Caption-style text data
************
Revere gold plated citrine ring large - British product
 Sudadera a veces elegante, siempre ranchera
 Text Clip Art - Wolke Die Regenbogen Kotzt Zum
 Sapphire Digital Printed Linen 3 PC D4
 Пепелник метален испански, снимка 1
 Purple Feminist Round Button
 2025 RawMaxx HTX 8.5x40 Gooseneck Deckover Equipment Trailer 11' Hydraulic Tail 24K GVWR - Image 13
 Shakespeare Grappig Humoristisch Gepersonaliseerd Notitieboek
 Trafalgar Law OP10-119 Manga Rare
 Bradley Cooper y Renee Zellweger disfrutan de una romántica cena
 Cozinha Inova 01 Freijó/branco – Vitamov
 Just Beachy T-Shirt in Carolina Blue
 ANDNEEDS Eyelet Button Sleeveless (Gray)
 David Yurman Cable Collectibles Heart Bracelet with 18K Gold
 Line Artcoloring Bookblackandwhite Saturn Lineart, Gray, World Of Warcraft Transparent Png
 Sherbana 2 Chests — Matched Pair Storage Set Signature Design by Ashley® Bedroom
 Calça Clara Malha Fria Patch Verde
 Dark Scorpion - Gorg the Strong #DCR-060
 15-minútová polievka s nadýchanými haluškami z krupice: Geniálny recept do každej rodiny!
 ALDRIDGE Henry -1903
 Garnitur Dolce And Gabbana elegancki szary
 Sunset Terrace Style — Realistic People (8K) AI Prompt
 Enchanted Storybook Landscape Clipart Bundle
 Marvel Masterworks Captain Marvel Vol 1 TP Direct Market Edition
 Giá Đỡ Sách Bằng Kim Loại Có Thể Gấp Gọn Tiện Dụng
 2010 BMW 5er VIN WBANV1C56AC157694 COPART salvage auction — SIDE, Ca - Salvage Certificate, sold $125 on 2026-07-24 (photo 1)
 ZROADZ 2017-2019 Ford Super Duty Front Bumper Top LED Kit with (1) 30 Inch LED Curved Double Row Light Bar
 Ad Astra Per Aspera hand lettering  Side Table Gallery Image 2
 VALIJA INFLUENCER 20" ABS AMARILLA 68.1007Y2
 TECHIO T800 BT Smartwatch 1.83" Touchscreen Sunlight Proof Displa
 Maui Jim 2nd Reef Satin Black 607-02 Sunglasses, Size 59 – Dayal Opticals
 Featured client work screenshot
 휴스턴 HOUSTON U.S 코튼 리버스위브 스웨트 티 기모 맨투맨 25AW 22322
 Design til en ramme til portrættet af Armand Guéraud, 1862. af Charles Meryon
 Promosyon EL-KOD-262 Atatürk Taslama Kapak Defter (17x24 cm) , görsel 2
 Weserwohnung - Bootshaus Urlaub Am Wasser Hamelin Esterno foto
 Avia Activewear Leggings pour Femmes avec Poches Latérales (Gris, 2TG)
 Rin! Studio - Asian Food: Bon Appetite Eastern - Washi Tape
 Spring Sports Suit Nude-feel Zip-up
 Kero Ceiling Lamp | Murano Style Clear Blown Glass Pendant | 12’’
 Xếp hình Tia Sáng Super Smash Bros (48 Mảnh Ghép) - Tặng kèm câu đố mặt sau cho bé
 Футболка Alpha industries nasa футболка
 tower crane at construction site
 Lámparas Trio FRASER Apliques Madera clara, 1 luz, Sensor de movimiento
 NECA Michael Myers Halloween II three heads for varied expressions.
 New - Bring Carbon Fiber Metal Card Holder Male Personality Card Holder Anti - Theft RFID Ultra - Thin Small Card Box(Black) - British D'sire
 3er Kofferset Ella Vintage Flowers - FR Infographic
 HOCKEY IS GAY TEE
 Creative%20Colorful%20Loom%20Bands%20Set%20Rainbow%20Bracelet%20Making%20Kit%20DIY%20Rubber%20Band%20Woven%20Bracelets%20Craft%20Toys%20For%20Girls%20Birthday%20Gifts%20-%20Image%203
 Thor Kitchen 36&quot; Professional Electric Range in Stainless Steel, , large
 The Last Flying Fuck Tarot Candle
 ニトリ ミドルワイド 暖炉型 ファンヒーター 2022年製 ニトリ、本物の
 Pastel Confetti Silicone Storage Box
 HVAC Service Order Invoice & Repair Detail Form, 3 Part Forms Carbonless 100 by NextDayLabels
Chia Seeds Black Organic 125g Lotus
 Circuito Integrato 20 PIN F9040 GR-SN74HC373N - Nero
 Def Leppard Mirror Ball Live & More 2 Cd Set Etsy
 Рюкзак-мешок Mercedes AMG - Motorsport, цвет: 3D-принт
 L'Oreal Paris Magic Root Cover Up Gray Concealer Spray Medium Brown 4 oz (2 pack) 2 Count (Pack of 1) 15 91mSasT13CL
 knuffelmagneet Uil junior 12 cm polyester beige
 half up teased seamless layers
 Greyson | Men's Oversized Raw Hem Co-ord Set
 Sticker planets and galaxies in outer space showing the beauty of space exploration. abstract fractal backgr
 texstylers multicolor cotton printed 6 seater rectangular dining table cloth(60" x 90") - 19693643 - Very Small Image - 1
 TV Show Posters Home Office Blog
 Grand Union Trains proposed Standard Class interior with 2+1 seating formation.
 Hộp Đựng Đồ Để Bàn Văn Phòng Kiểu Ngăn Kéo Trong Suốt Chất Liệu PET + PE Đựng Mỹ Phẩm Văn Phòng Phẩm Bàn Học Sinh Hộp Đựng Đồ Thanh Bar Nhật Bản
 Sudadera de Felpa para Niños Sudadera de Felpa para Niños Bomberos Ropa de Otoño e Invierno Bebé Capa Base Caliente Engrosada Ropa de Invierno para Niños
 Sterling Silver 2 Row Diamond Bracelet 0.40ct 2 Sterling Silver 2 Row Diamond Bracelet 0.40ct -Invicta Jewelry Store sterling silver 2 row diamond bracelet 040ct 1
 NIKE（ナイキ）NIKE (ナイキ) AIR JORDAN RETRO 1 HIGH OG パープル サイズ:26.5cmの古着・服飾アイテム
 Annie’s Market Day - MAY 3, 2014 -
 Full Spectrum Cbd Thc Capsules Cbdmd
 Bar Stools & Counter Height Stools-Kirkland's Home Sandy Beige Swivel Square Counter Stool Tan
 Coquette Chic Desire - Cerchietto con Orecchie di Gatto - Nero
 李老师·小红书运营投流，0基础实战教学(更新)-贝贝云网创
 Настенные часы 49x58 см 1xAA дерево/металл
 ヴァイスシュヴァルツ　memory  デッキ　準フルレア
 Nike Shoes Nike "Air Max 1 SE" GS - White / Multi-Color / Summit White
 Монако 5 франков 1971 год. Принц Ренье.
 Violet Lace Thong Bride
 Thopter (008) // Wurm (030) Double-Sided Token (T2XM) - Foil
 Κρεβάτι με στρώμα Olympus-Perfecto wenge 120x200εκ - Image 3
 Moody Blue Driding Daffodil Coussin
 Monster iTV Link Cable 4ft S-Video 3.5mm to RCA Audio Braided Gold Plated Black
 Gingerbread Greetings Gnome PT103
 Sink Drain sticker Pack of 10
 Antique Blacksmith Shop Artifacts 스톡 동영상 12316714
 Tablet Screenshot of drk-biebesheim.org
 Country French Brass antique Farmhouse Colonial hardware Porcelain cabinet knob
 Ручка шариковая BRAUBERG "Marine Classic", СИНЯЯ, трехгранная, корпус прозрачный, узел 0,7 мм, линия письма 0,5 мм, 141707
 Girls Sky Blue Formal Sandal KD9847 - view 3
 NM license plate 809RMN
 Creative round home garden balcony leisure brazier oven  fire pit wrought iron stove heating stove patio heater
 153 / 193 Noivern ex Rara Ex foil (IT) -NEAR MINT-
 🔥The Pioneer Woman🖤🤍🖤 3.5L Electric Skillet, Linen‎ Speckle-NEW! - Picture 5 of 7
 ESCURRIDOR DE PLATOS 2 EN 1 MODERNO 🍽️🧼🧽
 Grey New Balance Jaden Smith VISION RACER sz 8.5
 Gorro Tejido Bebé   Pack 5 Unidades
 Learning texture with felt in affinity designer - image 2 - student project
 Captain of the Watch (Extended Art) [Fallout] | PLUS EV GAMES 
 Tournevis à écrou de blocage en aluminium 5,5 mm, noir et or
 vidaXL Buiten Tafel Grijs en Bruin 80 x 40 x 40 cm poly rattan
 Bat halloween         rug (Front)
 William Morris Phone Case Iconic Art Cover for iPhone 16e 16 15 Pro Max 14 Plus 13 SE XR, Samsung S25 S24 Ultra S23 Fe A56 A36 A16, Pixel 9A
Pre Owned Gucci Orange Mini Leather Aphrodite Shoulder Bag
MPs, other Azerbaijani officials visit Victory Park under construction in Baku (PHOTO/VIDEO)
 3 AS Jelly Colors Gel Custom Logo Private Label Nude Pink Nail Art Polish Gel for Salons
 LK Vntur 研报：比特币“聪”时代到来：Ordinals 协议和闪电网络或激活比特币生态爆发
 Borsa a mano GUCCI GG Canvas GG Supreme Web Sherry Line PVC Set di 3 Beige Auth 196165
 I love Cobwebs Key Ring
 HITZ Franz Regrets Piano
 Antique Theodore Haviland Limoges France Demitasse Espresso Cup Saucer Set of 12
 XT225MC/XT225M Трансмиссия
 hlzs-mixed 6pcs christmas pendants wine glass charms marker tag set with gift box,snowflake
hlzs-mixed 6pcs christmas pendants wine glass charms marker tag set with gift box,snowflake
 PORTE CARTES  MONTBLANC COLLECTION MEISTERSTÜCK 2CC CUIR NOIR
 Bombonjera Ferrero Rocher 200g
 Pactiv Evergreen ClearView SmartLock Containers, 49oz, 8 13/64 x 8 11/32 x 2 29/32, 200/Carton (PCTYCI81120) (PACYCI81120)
************
## Action item
Write out exactly the lines above from the line with "ZROADZ 2017-2019 Ford" through the line with "휴스턴 HOUSTON U.S", both of them included, and leave out all other lines.

## Solution for this problem
 ZROADZ 2017-2019 Ford Super Duty Front Bumper Top LED Kit with (1) 30 Inch LED Curved Double Row Light Bar
 Ad Astra Per Aspera hand lettering  Side Table Gallery Image 2
 VALIJA INFLUENCER 20" ABS AMARILLA 68.1007Y2
 TECHIO T800 BT Smartwatch 1.83" Touchscreen Sunlight Proof Displa
 Maui Jim 2nd Reef Satin Black 607-02 Sunglasses, Size 59 – Dayal Opticals
 Featured client work screenshot
 휴스턴 HOUSTON U.S 코튼 리버스위브 스웨트 티 기모 맨투맨 25AW 22322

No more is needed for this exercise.